Michael Morris said:
			
		

> Mark, I've begun work on the admin section of the reviews site. I should have this information fixed shortly.




Thanks, Michael!


----------



## Mark (Mar 4, 2005)

Michael Morris said:
			
		

> Took a break from working with the reviews system to make some changes Russ requested for the downloads section.
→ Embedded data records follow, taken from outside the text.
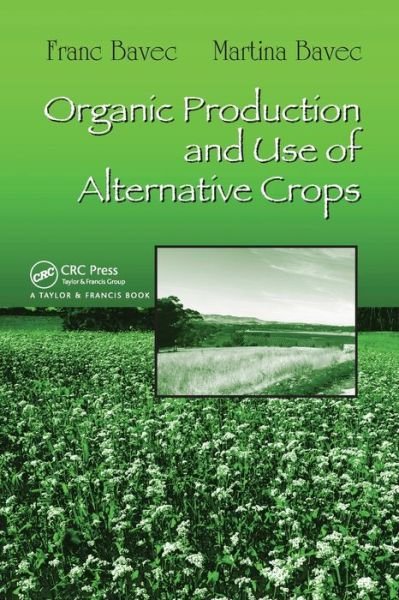 Organic Production and Use of Alternative Crops - Books in Soils, Plants, and the Environment - Franc Bavec - Books - Taylor & Francis Ltd - 9780367453534 - December 17, 2019
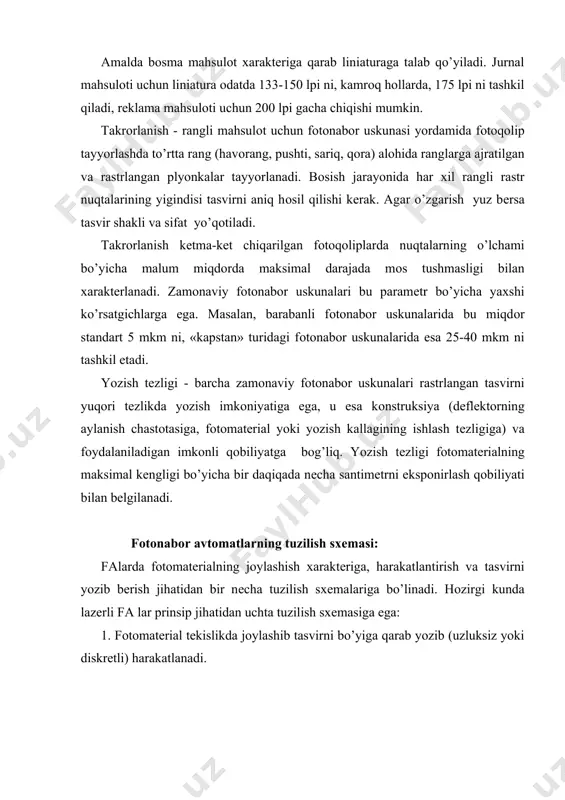 hоzirgi kunda lazеrli fa lar prinsip jihatidan uchta tuzilish sxеmasiga ega: 1. fоtоmatеrial tеkislikda jоylashib tasvirni bo’yiga qarab yozib (uzluksiz yoki diskrеtli) harakatlanadi. rasm 1. «kapstan» turli fоtоnabоr avtоmatlar tasvirning eniga yozilishi uzluksiz aylanadigan ko’p qirrali yoxud vaqti-vaqti bilan tеbranadigan yon qirrali оynali dеflеktоr оrqali amalga оshiriladi. ushbu sxеmadagi falari rоlikli yoki «kapstan» (ingl. - val) turli avtоmatlar dеb ataladi (rasm 1). 2. fоtоmatеrial mahkamlangan baraban yoki yarim barabanning ichki yuzasida jоylashadi, tasvirning yozilishi yagоna aks ettiruvchi qirra (оyna, to’g’ri burchakli prizma yoki pеntaprizma) bilan dоim aylanadigan dеflеktоr va eni tоmоniga оptik sistеma va dеflеktоrning baraban o’qi bo’ylab aylanish hisоbiga amalga оshiriladi. yozib оlingandan so’ng fоtоmatеrial o’tkazuvchi kassеtadan bоshiga qaytarilib qabul stоliga tоpshiriladi. ushbu sxеmadagi fоtоnabоr avtоmati «ichki baraban»li avtоmatlar turiga kiradi (rasm 2). rasm 2. «ichki baraban»li fоtоnabоr avtоmatlar 3. fоtоmatеrial (varaqli) uzluksiz aylanuvchi barabanning tashqi yuzasiga jоylashadi, tasvirning bo’yiga qarab yozilishi baraban aylanishi hisоbiga, eniga qarab yozilishi esa …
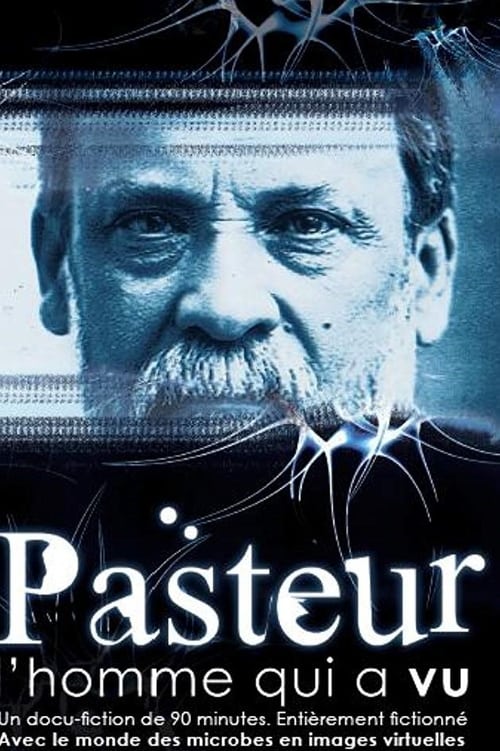 Pasteur, l'homme qui a vu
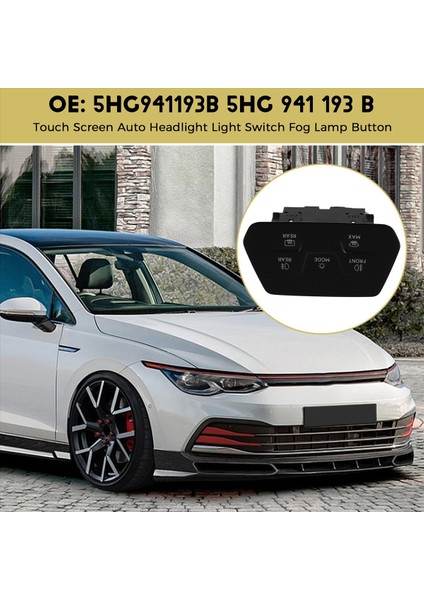 Dokunmatik Ekran Otomatik Far Far Anahtarı Vw Golf Için Sis Lambası Düğmesi Mk8 5hg 941 193 B 5HG941193B (Yurt Dışından) fırsatları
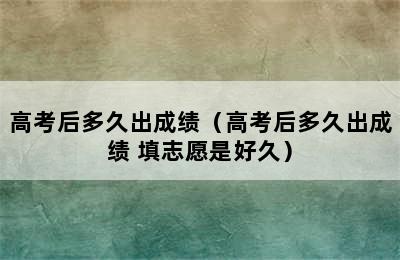 高考后多久出成绩（高考后多久出成绩 填志愿是好久）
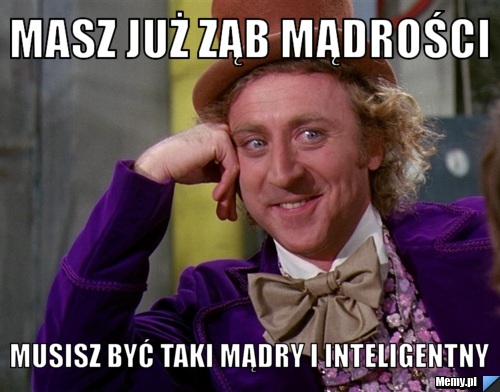 Masz już ząb mądrości musisz być taki mądry i inteligentny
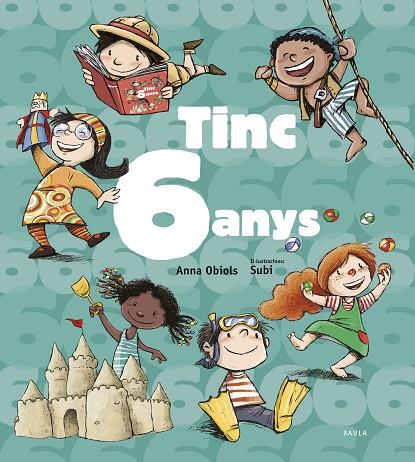 TINC 6 ANYS | 9788447936182 | OBIOLS LLOPART, ANNA | Cooperativa Cultural Rocaguinarda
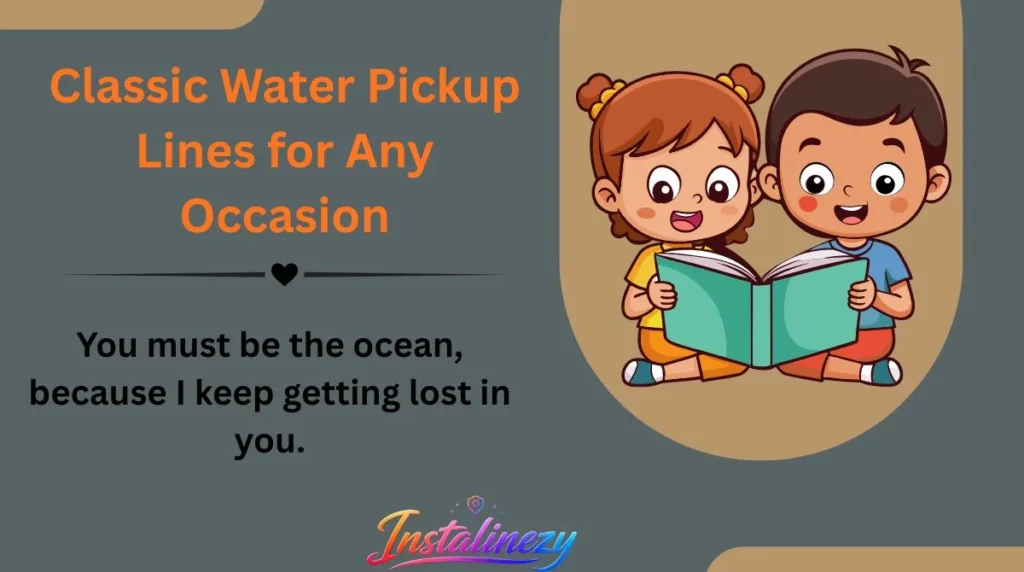 Classic Water Pickup Lines for Any Occasion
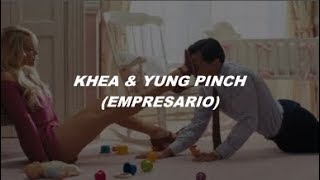khea & yung pinch- EMPRESARIO ( LETRA)[OFFICIAL AUDIO]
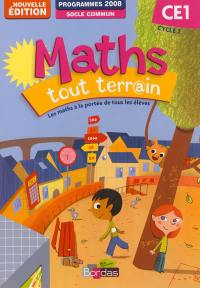 Maths tout terrain CE1, cycle 2 : programmes 2008, socle commun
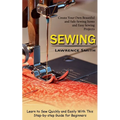 Sewing: Create Your Own Beautiful and Safe Sewing Items and Easy Sewing Projects (Learn to Sew Quickly and Easily With This Step-by-step Guide for Beg - Paperback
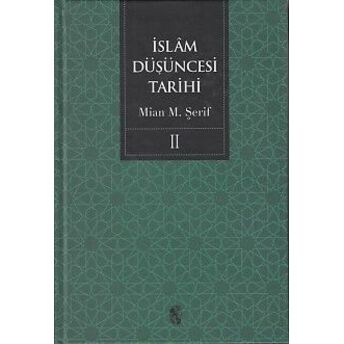 Islam Düşüncesi Tarihi Cilt: 2 (Ciltli) Mian Muhammed Şerif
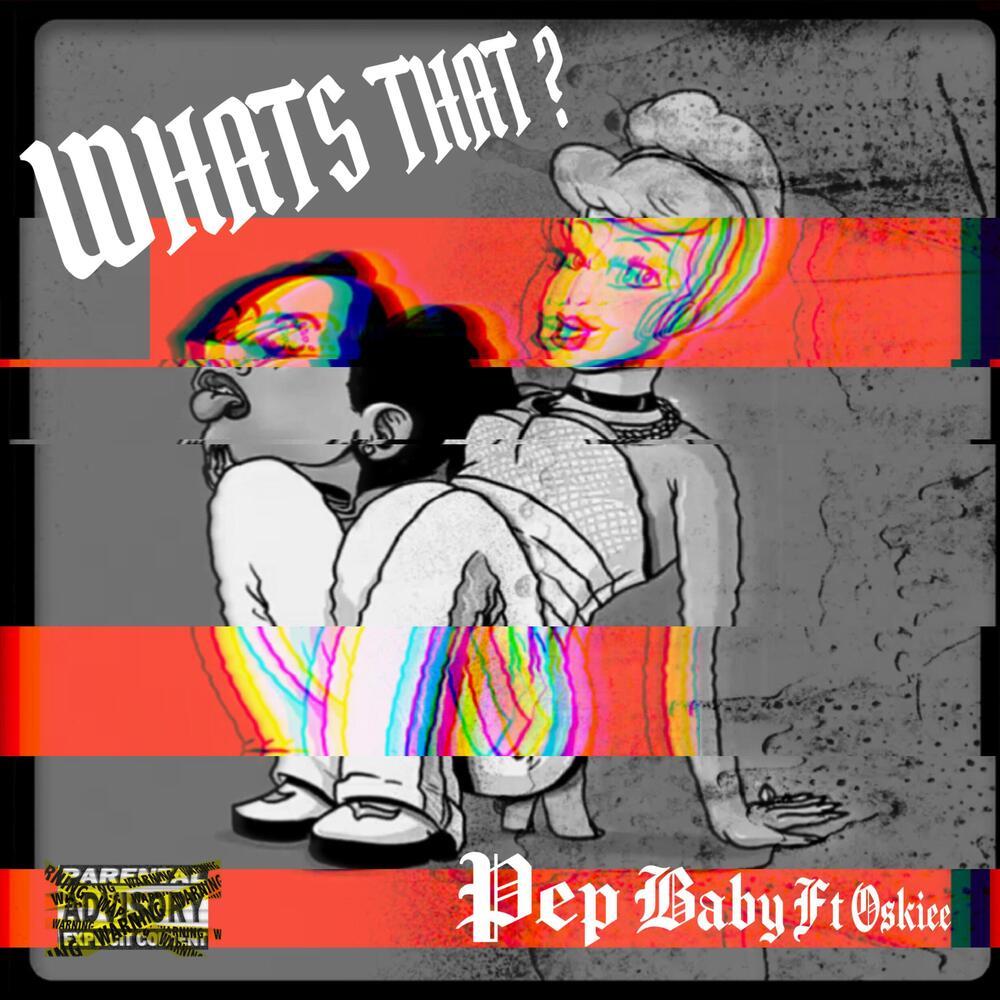 What's That (Explicit)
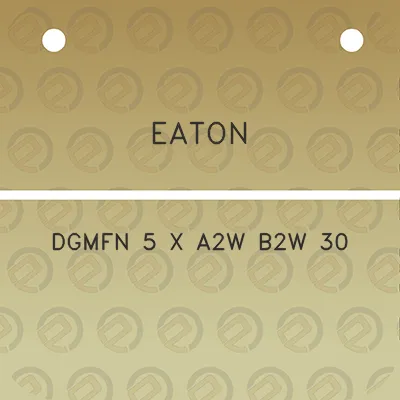 eaton-dgmfn-5-x-a2w-b2w-30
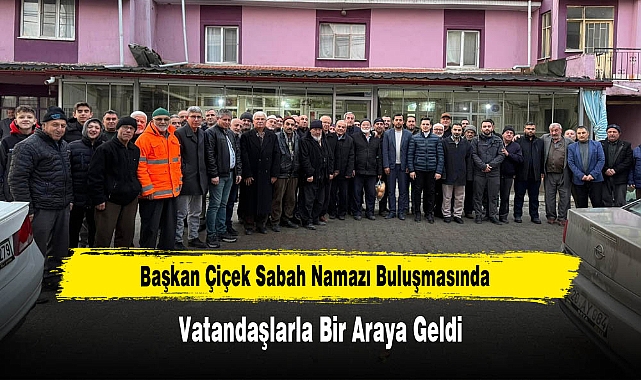 Başkan Çiçek Sabah Namazı Buluşmasında, Vatandaşlarla Bir Araya Geldi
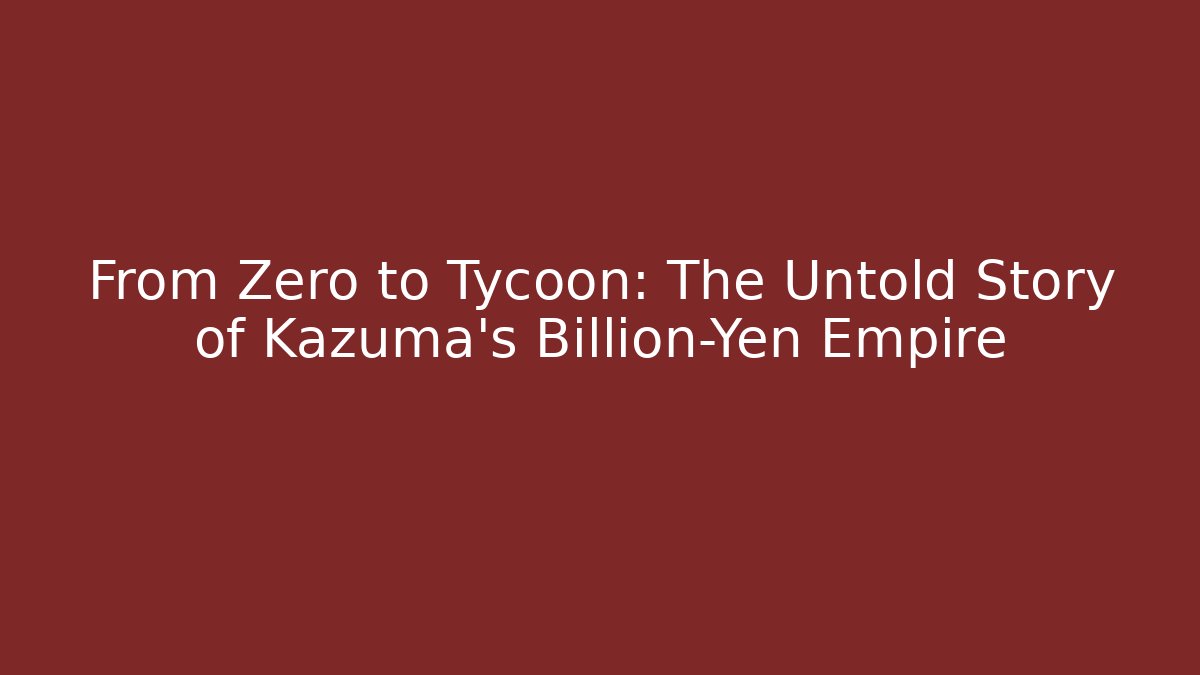 From Zero to Tycoon: The Untold Story of Kazuma's Billion-Yen Empire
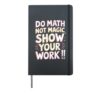 Do Math Not Magic Show Your Work T-Shirt Hardcover Journal, Black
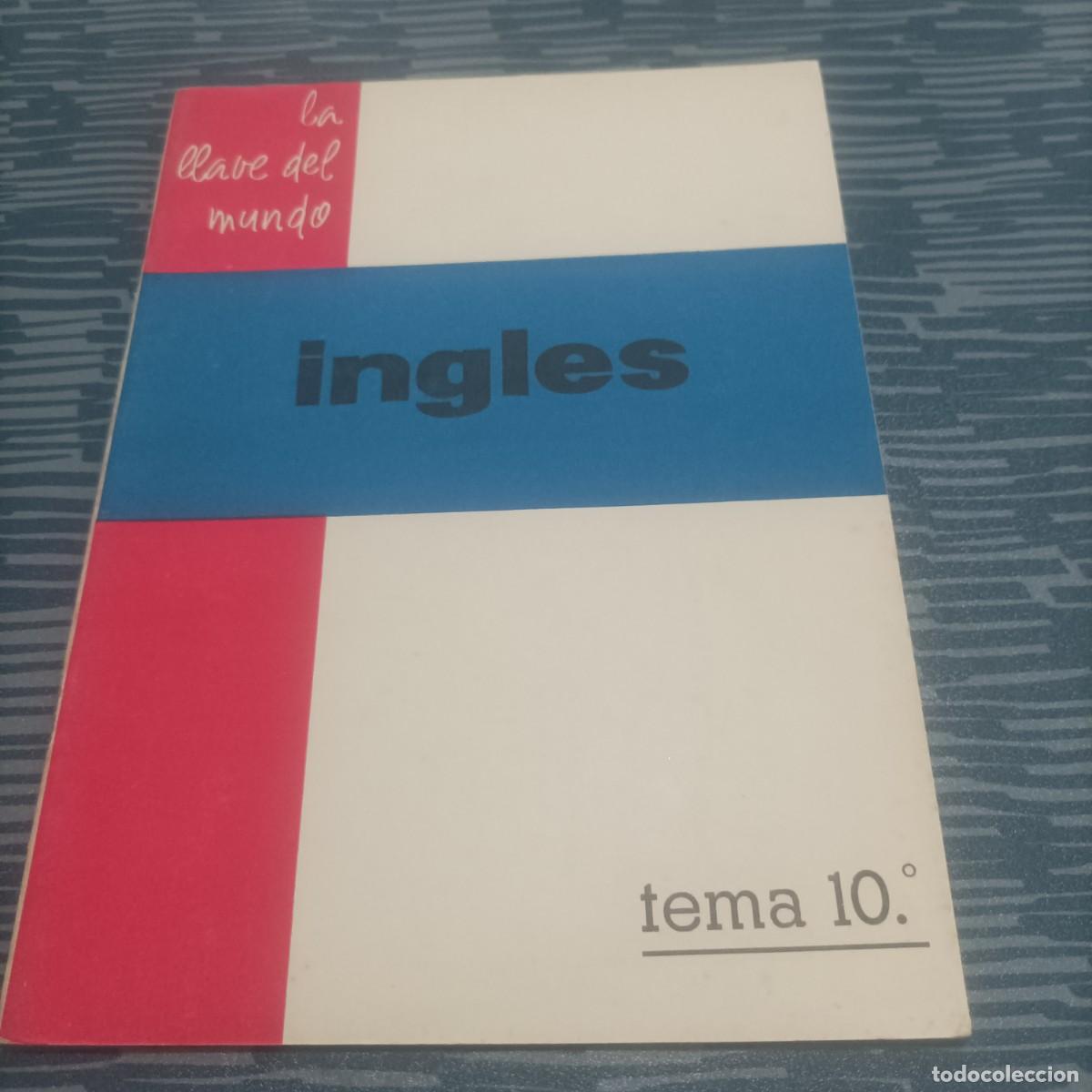 B&uuml;cher: INGLES,LA LLAVE DEL MUNDO,TEMA 10,1961.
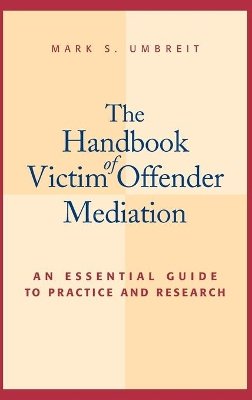 Mark S. Umbreit - The Handbook of Victim Offender Mediation: An Essential Guide to Practice and Research - 9780787954918 - V9780787954918
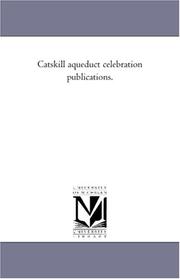Cover of: Catskill aqueduct celebration publications. | Michigan Historical Reprint Series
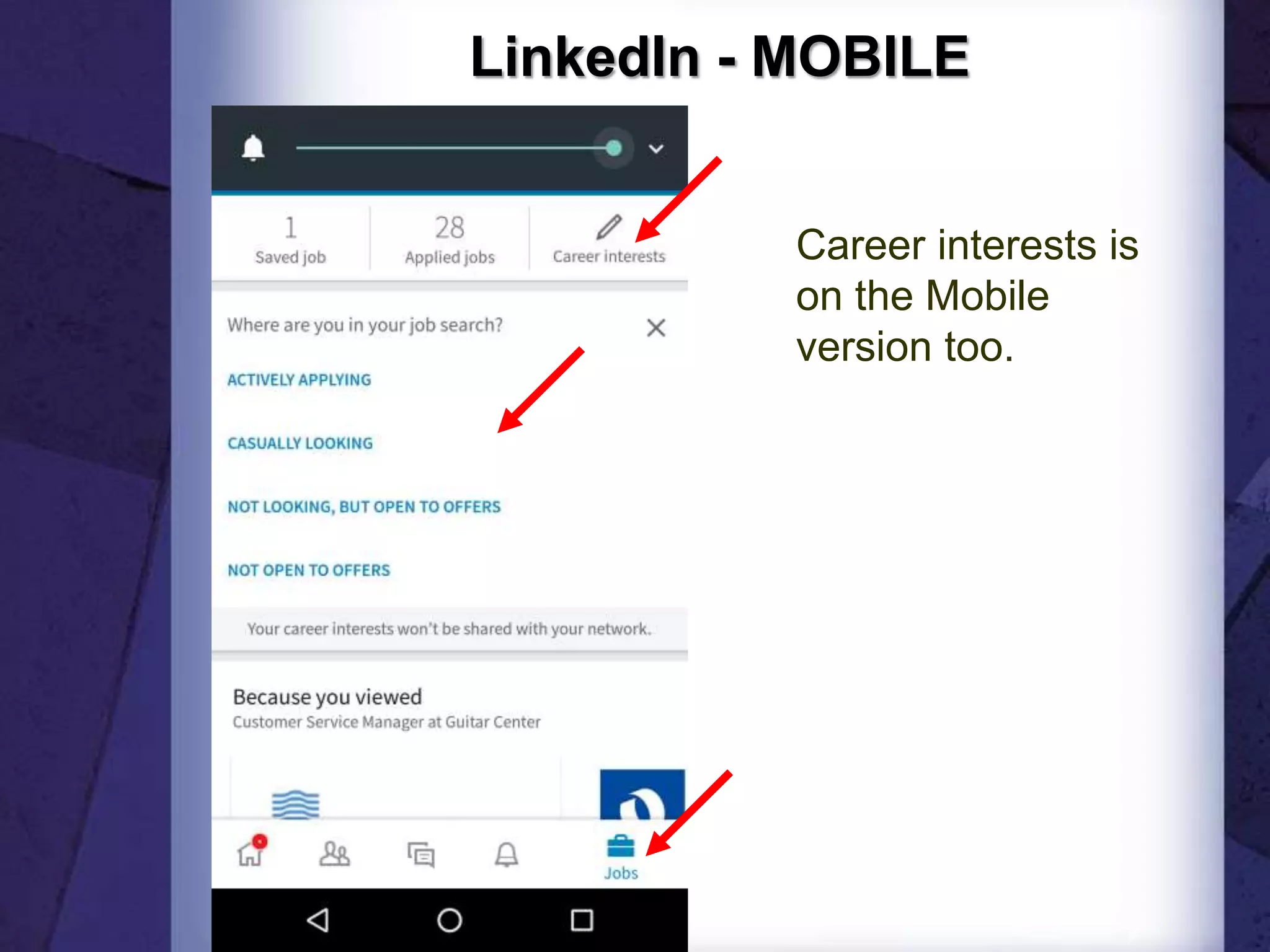 LinkedIn - MOBILE
Career interests is
on the Mobile
version too.
 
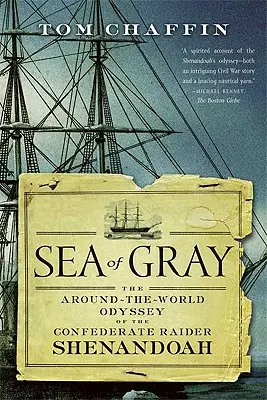 Mar de Grises: La Odisea Alrededor del Mundo del Asaltante Confederado Shenandoah - Sea of Gray: The Around-The-World Odyssey of the Confederate Raider Shenandoah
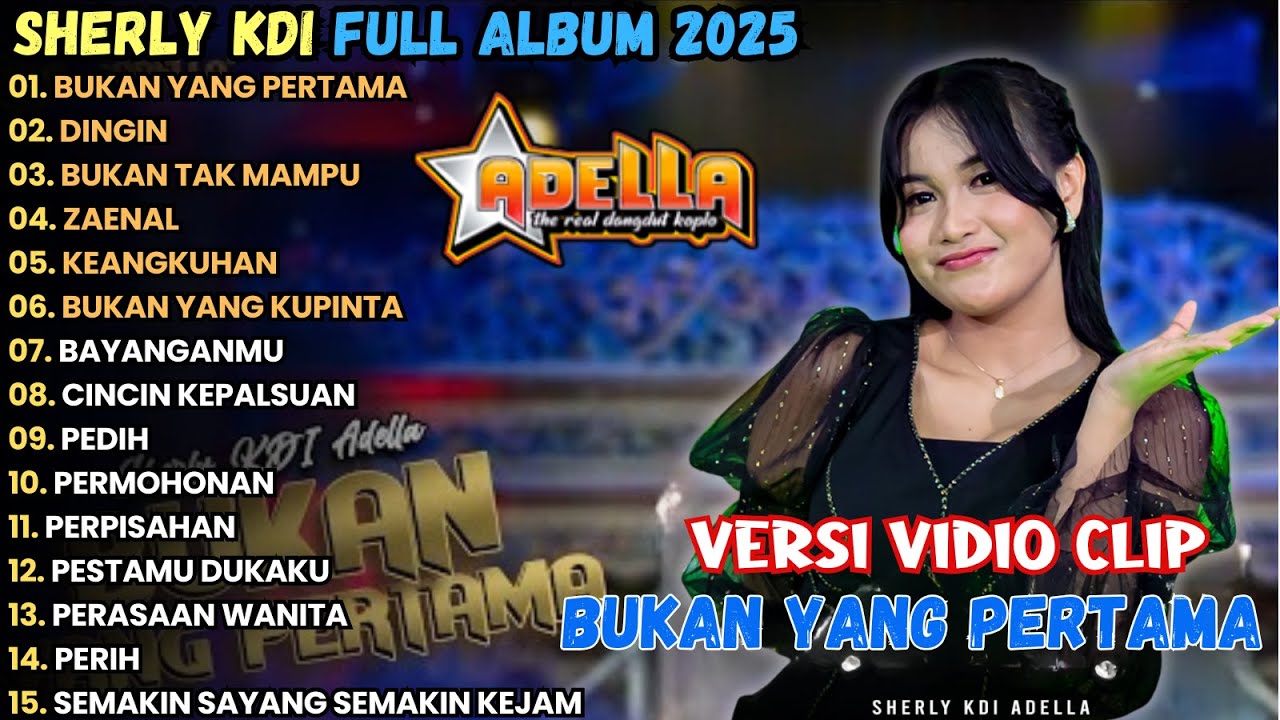 Sherly KDI Full Album Terbaru 2025 || BUkan Yang Pertama - Dingin - Adella Full Album Terbaru 2025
OK.  Here's the problem and why I think you need to prioritize the "Publisher's Ratings in the Reviews Section" problem higher, at least insofar as addressing it in some way even if you cannot fix it.  It is currently giving out FALSE information and potentially damaging the reputations of publishers who work very hard to produce quality products.  I understand you are quite busy and perhaps have a different idea of what is important.  That's fine.  I don't expect you to hold the same opinions as I do.  However, if you can't fix them, the least you can do is to take them offline until they are correct.


----------



## Michael Morris (Mar 4, 2005)

It will be fixed today - specifically tonight.


----------



## Michael Morris (Mar 4, 2005)

Ok it's fixed.  For those who know PHP and SQL - here's the algorythm.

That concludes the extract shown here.